● **INPUT DATA**
*-*-*
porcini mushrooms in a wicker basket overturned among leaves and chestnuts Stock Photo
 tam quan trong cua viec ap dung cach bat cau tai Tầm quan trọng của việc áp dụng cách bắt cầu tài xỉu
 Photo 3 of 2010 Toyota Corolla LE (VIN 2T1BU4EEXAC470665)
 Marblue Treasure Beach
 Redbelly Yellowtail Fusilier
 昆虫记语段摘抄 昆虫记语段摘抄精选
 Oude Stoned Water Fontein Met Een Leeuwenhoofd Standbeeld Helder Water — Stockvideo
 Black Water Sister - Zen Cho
*-*-*
● **TASK INSTRUCTIONS**
Exactly as they appear, copy the lines of the listing above from the first through the one that contains "Marblue Treasure Beach", and nothing more.

● **ANSWER BOX**
porcini mushrooms in a wicker basket overturned among leaves and chestnuts Stock Photo
 tam quan trong cua viec ap dung cach bat cau tai Tầm quan trọng của việc áp dụng cách bắt cầu tài xỉu
 Photo 3 of 2010 Toyota Corolla LE (VIN 2T1BU4EEXAC470665)
 Marblue Treasure Beach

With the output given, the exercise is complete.